TİP’lilik denince öncelikle anlaşılması gereken Birinci TİP’tir. 1975 TİP’i, öncülünün Leninizm, enternasyonalizm, program gibi başlıklarda bir dizi kimlik zaafından kurtulmuş, ama siyasal ve toplumsal önem ve ağırlık açısından yanına bile yaklaşamamıştır. Ahmet Hamdi birinci TİP’liydi. Onu o yapan ve kıyasıya eleştirdiği de o partidir.
Ahmet ağabey, Gorbaçovculukla anılan likidasyonla, “parti olmayan parti” safsatalarıyla mücadeleyi merkeze koydu. Arada seçimlerden uluslararası sermayenin işleyişine, emperyalizmden özelleştirmelere bir dizi başlıkta üretti. Kütüphanesinin üst raflarındaki klasörlerde henüz yazıya dönüşmemiş çalışmaları hep olurdu. Herhalde aradan geçen zaman içinde raf sayısı katlanmıştır.
Dinler’in bütün bunları yapmasının temel motivasyonu sosyalist devrim bilinci ve inancıdır. Birinci TİP’in, Emek dergisi gibi, Behice Boran gibi adı kayıtlara geçmese de ilk sosyalist devrimcilerinden biri olduğunu, onu tanıyan, emek verdiği, yetiştirdiği ve kavga ettiği herkes kabul edecektir.
Sosyalist devrimciler içinde bir işçi gazetesi çıkartan ilk kişi olduğunu ise kesinlik derecesinde dile getirebilirim. Zonguldak’ta 1967 Ekim ayından Nisan 1971’e kadar Ahmet Hamdi’nin sorumlu müdür sıfatıyla yönettiği Sömürücüye Yumruk’tan söz ediyorum. Parti organıdır, işçi gazetesidir ve sosyalist devrimcidir, maden ocaklarındadır, vardiya girişindedir, çıkışındadır…

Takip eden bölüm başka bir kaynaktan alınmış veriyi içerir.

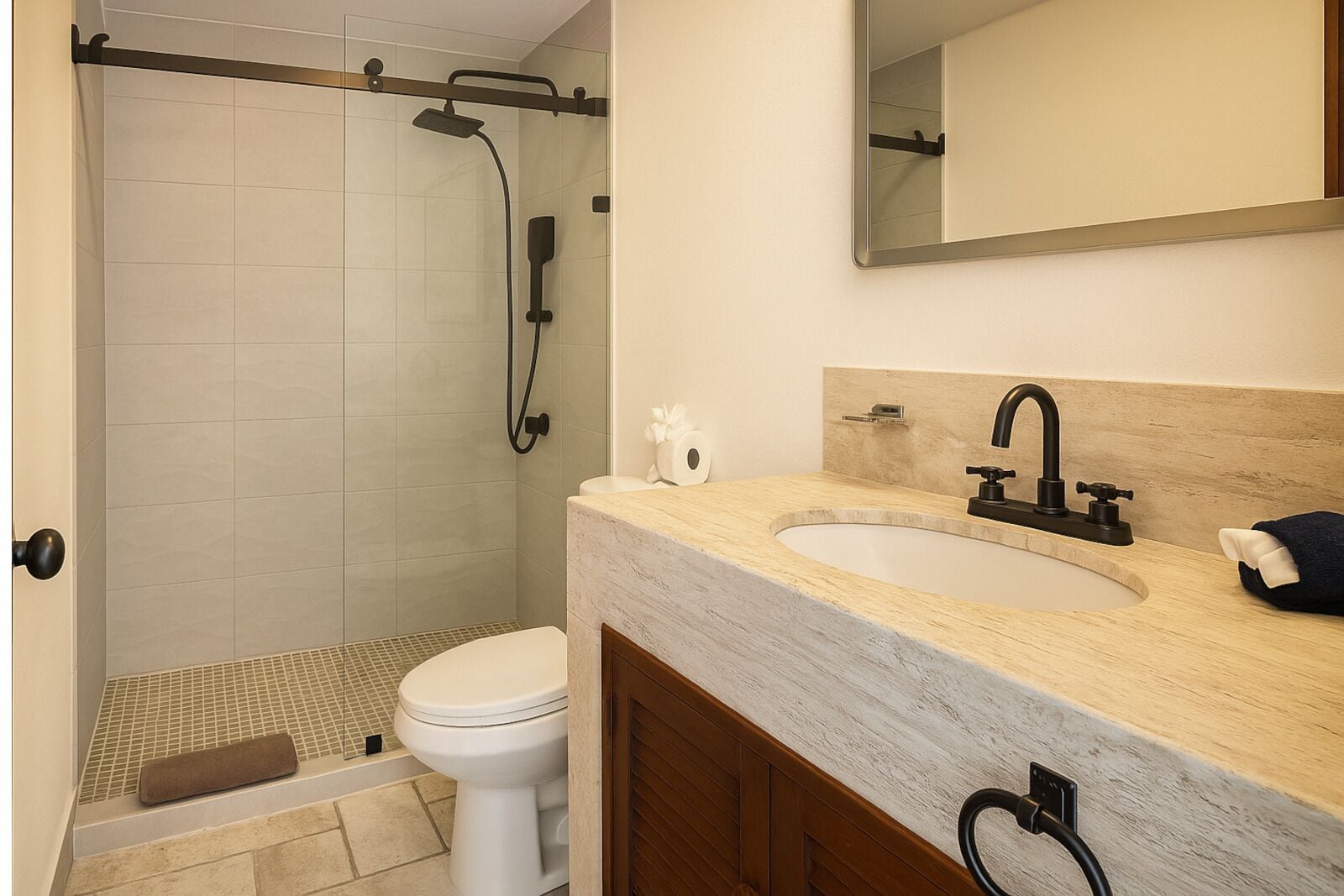 Een badkamer met douche, toilet, wastafel en spiegel.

Ben, Ahmet ağabeyi sosyalist devrim tezini işçi sınıfıyla bütünleştirme iddiasıyla hatırlayacağım.
Aydemir Güler / SOL
[1] Ağabey ve ablalarımız için canları sağ olsun demeye devam ediyorum. Ancak beğenmezliği anti-komünizmin kılıfı olarak kullananların da az olmadığını not etmeliyim. Ne yaparsanız yapın beğenmeyenlerin önemli bir bölümü, yaşlarından bağımsız olarak aslında komünizme nefret besliyorlar. Nasıl beğensinler?

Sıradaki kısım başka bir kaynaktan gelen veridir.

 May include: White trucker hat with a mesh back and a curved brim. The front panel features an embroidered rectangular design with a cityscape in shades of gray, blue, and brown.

[2] Sosyalizm Yolunda Yeni Açılımlar (Bilim yayınları, 1997) ve Nihayet Post-Marksistler Türkiye’de (Bilim y., 1998)
[3] Ali Doğan aramızdan genç yaşta ayrıldı. Akın Dalman imzasıyla Dinler’in sosyal demokrasi yazısını yine Gelenek’te eleştirmişti: “Bir yazının düşündürdükleri”, Gelenek sayı 17, Mayıs 1988 (https://www.gelenek.org/bir-yazinin-dusundurdukleri)

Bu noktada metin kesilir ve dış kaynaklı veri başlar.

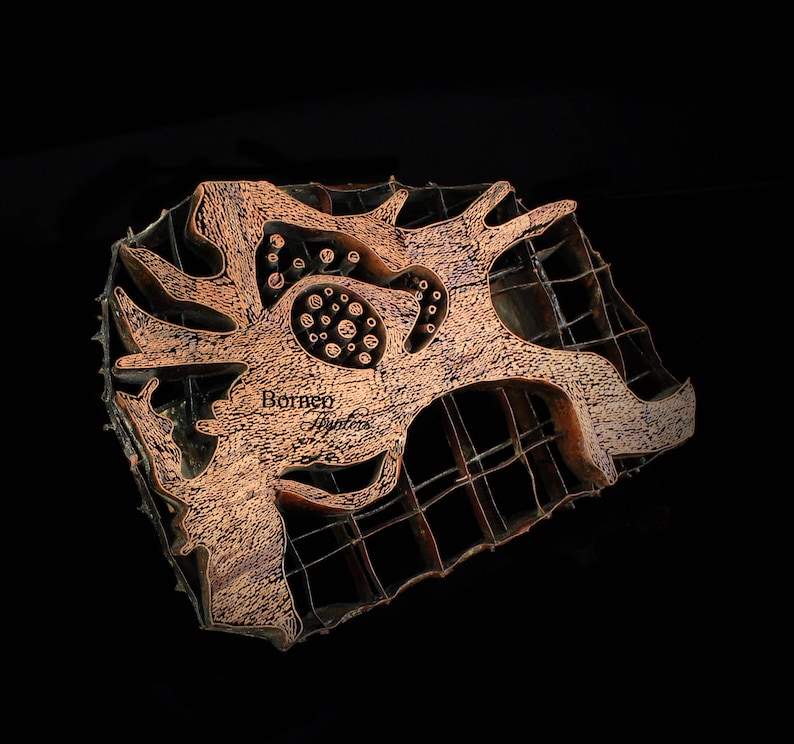 May include: A copper-colored batik stamp with a complex design featuring a central motif of a stylized flower with a grid pattern surrounding it. The stamp is labeled "Borneo Batiks".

[4] Aydın Giritli, “Legal parti programlarına bir bakış”, Gelenek sayı 18, Haziran 1988. (https://www.gelenek.org/legal-parti-programlarina-bir-bakis) Dinler’in TİP tarihi üzerine ilk makalesi, daha sonra, Mart 1989’da yayınlanacaktı. (https://www.gelenek.org/tip-tarihinden-kesitler-i)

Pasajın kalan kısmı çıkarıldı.